Lately I've been thinking about my grandfather, Harrison Barron.  He was my mother's father.


He died of a heart attack when I was about three.  I almost have memories of him.  I say “almost” because over time I'm not sure whether the memories are created or actual memories.  An almost memory is of him reassuring me that a tractor coming down the road was not a big insect.  One memory of which I am sure is his graveside ceremony: the evening sky was an intense red with the horizons deeply dark, and I was crying hysterically.  Now, what I don't know is why I was crying.  Perhaps it was the sad setting.  Perhaps I realized that I had lost someone important.

 

Growing up, I didn't think much about him.  In my old age, I feel the loss.

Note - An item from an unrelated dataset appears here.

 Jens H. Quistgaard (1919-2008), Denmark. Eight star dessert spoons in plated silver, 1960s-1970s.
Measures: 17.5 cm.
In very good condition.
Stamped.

I really don't know much about him.  What I do know about him is that his parents left Mississippi as young people.  He was accompanied by four brothers all of whom became farmers in Louisiana.  I don't know whether it was true or not, but often I heard that the brothers left Mississippi  because they had been moonshiners and were facing pressure from the law.

 

Who knows?  I never heard any stories of him or his brothers ever breaking the law again.

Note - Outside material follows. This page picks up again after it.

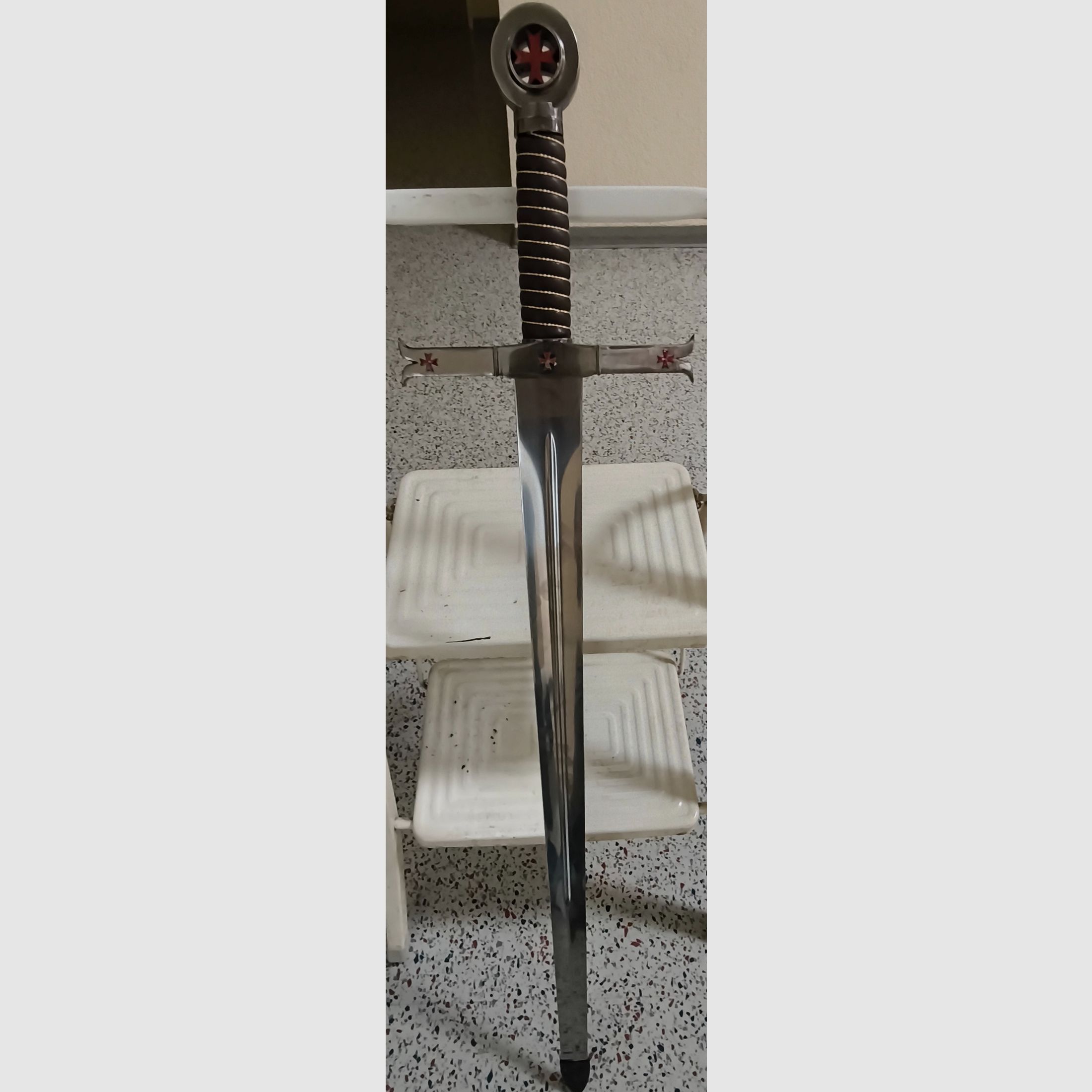 Medieval Templar / Crusader sword with red paw cross, top condition!!, image 2 of 3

I do know that he was a farmer, and from all accounts, a good one.  I've heard reports of how they didn't suffer during the depression.

 

On a more personal note, he liked to drink.  He wasn't a regular drinker, but when he was about to blow a gasket, he would start to scratch his head, a sure sign that he was about to go on a bender.  Apparently he was a fun drinker living among folks who didn't cotton to drinking.


More than once, I heard stories of his fear of his mother, Julianne.  My grandmother, Samantha, told stories of this and particularly I recall his coming home a little wobbly one evening and falling asleep in the dog trot.  Samantha  said her efforts to get him to wake up and come to bed were met with silence, but when she whispered in his ear that Julianne was coming, he was upright and off to bed.


Another story I heard more than once was that he liked to trade.  He would go to town with a horse and come home with a mule.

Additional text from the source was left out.